I stumbled upon this issue with JavaFx, but it could be simplified to the following compilable launchable code. But shouldn't it fail compile-time? The only thing we can be sure about test2() is that it returns Object or null, it's <V(extends Object)>, not <V extends IDummy>. Why am I able to compile it?

public class Main {    
    public static void main(String[] args) {
        test(test2());
    }
    
    private static void test(IDummy prop) {}
    
    private static <V> V test2(){
        return null;
    }
    
    public interface IDummy {}
}

CodePudding user response:

<V> V test2() says "this is a method that accepts an unbounded type parameter V and returns an object of that type".

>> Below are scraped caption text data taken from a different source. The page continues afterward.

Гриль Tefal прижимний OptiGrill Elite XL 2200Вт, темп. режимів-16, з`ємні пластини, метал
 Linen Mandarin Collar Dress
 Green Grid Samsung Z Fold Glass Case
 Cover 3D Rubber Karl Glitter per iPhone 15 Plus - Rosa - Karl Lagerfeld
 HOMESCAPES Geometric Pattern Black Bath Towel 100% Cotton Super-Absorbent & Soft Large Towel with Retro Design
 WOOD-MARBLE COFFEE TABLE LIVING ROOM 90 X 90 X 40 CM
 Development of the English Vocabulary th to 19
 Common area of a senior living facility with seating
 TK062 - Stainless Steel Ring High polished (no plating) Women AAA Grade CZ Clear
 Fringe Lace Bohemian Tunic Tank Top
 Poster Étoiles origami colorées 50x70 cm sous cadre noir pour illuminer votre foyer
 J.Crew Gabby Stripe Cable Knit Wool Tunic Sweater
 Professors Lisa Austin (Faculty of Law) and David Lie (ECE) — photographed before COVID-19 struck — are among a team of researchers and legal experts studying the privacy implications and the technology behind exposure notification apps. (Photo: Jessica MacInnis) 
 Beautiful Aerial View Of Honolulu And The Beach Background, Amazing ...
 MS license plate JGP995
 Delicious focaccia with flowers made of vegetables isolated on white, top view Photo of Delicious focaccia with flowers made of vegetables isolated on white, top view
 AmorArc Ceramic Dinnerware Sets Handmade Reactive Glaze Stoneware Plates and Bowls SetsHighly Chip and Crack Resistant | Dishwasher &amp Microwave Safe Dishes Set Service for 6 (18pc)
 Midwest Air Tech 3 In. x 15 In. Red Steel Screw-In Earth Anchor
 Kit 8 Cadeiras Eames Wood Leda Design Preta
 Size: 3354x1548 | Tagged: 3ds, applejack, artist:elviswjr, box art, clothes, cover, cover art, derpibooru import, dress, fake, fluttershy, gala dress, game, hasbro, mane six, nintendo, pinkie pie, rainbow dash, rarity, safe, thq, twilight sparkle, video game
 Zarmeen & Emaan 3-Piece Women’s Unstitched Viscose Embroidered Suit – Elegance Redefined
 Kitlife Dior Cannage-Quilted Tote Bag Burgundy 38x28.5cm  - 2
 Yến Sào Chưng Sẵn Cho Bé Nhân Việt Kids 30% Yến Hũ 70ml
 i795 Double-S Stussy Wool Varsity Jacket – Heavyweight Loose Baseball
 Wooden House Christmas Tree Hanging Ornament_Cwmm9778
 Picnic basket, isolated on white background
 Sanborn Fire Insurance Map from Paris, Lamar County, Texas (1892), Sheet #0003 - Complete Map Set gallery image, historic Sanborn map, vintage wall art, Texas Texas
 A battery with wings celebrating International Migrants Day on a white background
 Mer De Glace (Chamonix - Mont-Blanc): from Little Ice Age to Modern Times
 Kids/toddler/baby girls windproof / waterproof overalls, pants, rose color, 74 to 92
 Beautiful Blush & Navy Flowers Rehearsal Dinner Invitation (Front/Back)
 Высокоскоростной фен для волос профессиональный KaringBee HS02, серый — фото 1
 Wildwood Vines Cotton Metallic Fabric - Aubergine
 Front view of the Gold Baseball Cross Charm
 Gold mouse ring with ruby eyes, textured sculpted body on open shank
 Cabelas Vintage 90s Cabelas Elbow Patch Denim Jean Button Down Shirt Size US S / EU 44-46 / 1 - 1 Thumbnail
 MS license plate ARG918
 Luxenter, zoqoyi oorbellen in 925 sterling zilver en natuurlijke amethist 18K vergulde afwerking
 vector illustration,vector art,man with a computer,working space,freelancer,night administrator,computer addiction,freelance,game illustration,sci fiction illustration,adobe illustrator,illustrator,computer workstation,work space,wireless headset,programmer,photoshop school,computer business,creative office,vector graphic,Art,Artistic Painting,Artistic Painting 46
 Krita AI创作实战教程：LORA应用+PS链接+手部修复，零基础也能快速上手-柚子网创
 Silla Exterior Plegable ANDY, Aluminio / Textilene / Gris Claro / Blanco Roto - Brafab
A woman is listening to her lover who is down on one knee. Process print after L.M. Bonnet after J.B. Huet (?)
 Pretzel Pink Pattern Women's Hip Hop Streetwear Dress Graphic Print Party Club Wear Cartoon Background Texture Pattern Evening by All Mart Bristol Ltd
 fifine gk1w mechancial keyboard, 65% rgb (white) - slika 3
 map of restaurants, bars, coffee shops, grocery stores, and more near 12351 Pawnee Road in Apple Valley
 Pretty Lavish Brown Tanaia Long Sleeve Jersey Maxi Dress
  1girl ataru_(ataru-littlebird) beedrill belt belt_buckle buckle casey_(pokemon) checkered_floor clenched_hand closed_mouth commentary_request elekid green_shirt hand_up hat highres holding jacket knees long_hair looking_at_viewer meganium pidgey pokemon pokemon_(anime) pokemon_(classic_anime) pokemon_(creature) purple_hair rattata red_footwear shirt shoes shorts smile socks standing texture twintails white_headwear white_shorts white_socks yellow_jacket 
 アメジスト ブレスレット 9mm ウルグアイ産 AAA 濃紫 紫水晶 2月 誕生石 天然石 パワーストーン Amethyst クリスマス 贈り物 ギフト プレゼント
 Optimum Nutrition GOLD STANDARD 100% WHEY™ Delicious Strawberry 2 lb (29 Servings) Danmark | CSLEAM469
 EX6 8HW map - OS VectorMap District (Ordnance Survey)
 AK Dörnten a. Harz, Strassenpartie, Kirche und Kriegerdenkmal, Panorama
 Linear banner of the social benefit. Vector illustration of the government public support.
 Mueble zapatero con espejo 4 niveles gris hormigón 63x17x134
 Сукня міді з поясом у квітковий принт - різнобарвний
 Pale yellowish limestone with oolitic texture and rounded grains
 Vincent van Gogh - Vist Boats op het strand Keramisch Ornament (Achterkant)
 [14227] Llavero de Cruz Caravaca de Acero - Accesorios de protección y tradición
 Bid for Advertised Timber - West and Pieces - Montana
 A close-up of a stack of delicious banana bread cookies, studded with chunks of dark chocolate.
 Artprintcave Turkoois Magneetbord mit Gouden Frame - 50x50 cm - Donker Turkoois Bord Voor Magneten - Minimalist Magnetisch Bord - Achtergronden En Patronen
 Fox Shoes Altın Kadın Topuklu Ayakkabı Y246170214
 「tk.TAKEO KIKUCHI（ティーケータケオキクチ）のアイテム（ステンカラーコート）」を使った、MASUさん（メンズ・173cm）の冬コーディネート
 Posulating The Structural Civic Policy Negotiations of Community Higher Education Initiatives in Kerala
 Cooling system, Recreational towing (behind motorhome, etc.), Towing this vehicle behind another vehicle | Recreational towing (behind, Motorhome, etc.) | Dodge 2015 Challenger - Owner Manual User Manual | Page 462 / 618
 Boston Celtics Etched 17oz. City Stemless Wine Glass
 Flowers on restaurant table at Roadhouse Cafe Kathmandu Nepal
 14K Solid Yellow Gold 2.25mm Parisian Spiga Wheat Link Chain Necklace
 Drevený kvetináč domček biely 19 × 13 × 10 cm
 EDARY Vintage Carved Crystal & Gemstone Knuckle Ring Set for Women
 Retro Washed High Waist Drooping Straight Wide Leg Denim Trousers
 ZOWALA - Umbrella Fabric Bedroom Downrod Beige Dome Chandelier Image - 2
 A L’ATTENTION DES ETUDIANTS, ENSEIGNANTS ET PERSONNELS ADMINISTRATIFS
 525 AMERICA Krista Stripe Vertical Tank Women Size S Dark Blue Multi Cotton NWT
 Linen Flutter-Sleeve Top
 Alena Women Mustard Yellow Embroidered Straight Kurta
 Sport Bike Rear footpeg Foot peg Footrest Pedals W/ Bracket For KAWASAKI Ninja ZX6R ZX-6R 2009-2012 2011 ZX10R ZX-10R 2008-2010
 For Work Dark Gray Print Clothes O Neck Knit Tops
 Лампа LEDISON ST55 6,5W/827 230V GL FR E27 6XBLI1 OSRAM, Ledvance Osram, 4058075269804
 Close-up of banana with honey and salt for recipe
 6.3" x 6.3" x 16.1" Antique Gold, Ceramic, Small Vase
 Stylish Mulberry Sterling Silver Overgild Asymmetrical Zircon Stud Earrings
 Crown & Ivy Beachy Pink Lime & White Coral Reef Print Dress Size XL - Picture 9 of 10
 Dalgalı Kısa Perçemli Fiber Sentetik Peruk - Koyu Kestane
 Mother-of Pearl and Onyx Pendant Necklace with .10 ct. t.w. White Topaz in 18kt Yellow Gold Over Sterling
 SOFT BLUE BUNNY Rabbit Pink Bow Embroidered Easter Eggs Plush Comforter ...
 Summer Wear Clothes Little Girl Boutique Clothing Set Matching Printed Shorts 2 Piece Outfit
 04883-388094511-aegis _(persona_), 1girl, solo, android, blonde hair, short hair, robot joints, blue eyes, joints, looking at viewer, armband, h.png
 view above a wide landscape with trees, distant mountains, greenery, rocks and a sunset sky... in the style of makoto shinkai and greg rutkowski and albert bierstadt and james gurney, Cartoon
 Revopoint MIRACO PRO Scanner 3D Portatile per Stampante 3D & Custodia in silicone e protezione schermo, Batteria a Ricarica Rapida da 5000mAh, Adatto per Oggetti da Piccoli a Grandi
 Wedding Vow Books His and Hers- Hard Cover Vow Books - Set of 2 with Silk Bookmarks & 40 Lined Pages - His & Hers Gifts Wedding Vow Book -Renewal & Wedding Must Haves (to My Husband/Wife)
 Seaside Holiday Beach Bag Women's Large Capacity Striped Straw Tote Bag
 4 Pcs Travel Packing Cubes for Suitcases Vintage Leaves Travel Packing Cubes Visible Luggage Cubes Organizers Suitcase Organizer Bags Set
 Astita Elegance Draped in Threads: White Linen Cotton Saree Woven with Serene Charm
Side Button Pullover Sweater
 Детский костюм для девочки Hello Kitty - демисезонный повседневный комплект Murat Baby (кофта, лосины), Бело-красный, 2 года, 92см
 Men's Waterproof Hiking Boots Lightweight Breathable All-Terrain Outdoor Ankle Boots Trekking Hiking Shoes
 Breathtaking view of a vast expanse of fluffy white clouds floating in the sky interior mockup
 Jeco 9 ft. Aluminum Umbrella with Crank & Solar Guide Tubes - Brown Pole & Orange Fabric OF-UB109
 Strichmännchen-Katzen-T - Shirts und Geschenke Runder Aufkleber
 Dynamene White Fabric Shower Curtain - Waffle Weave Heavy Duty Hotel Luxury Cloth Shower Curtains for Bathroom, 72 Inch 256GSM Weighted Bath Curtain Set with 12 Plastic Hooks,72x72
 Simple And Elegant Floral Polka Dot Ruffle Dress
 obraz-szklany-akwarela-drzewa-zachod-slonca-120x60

Let's ignore for a second how the implementation of that would look like (we'll get to that later).

So if you call test(test2()) the compiler knows that the result of test2() should be an IDummy. Is there a way to ensure that? Yes, there is: just pass IDummy as the concrete type parameter (Main.<IDummy>test2() would be the explicit way to write it, but the compiler infers that for you).

So the compiler knows that you want to use IDummy for V and automagically does it for you. Therefore the whole statement compiles.

Now let's go back to the issue of implementing test2() in a meaningful way. There's really only 2 possible ways to implement it:

  • return null (because that's a valid value for every type that V could represent) or
  • cheat by using an unchecked cast.

The second option would be something like writing

V value = (V) new Object(); // or any other value
return value;

This would compile with a warning. The warning basically means that the type guarantees by generics are broken by this.

Sometimes that can be useful when you know that the inferred type is usually correct (for example if you had <V> V getProperty(String propertyName), then as long as every call had the correct propertyName/type combination it would actually work). But it's not strictly correct and you're basically asking the compiler to "trust me". Any breakage will result in runtime exceptions (most likely a ClassCastException eventually).

CodePudding user response:

I think it's due to compiled type erasure. Looking at the class file, the test2() method should return IDummy. Finally, I recommend learning more knowledge about generics.